Please reproduce the entries below exactly from the line with "Hyundai Genesis из Кореи Encar" through their last line, leaving out any pictures.

-.-.-

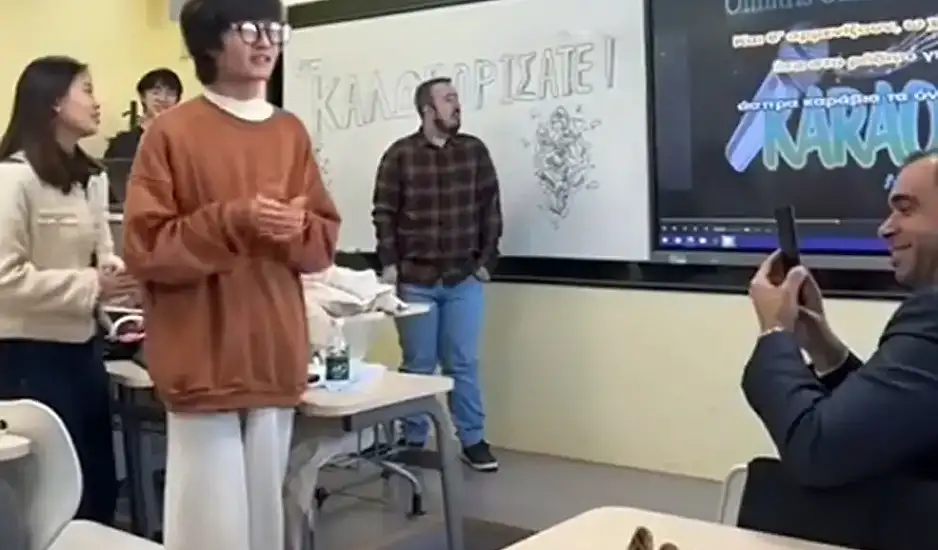 Viral οι Κινέζοι φοιτητές που τραγουδούν στα ελληνικά το «Άσπρα καράβια τα όνειρά μας»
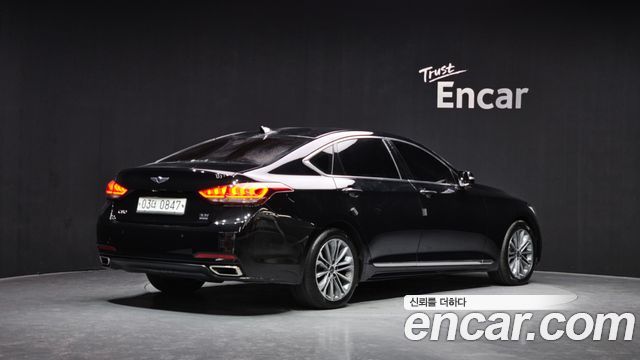 Hyundai Genesis из Кореи Encar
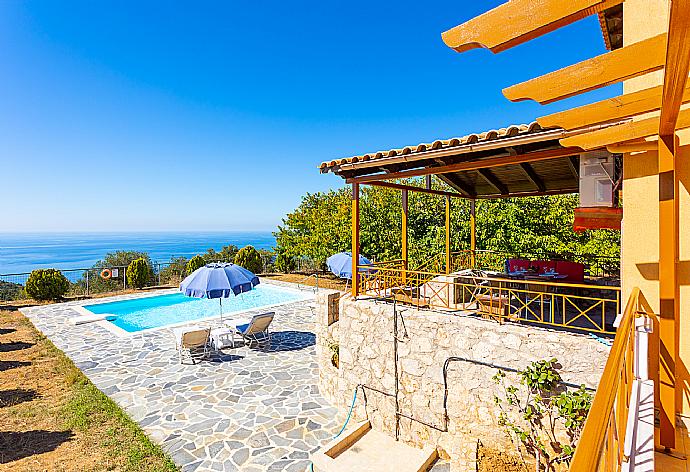 Beautiful villa with private pool, terrace, and garden with panoramic sea views . - Villa Aetos . (Galería de imágenes) }}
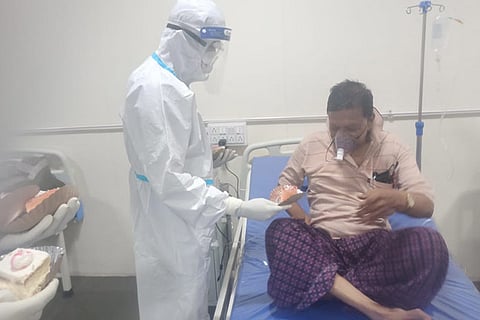 Karnataka doctor cheers up Covid patients with birthday bash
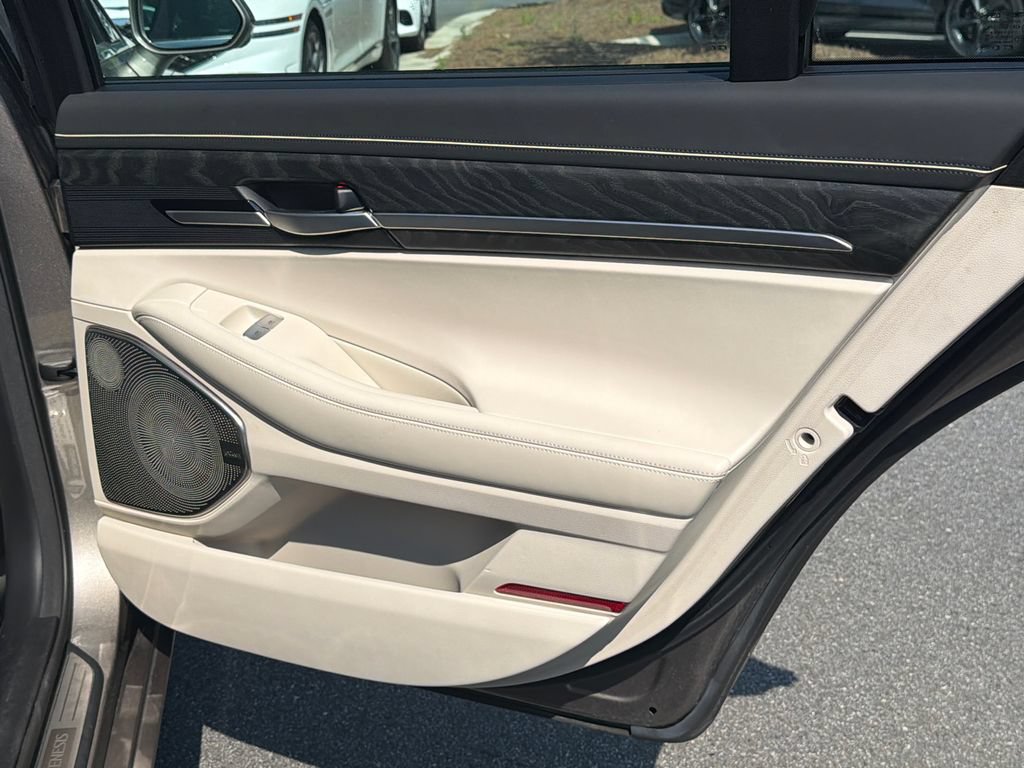 Used 2022 Genesis G90 3.3T Premium RWD image 18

-.-.-

## ANSWER TO THE EXERCISE
 Hyundai Genesis из Кореи Encar
 Beautiful villa with private pool, terrace, and garden with panoramic sea views . - Villa Aetos . (Galería de imágenes) }}
 Karnataka doctor cheers up Covid patients with birthday bash
 Used 2022 Genesis G90 3.3T Premium RWD image 18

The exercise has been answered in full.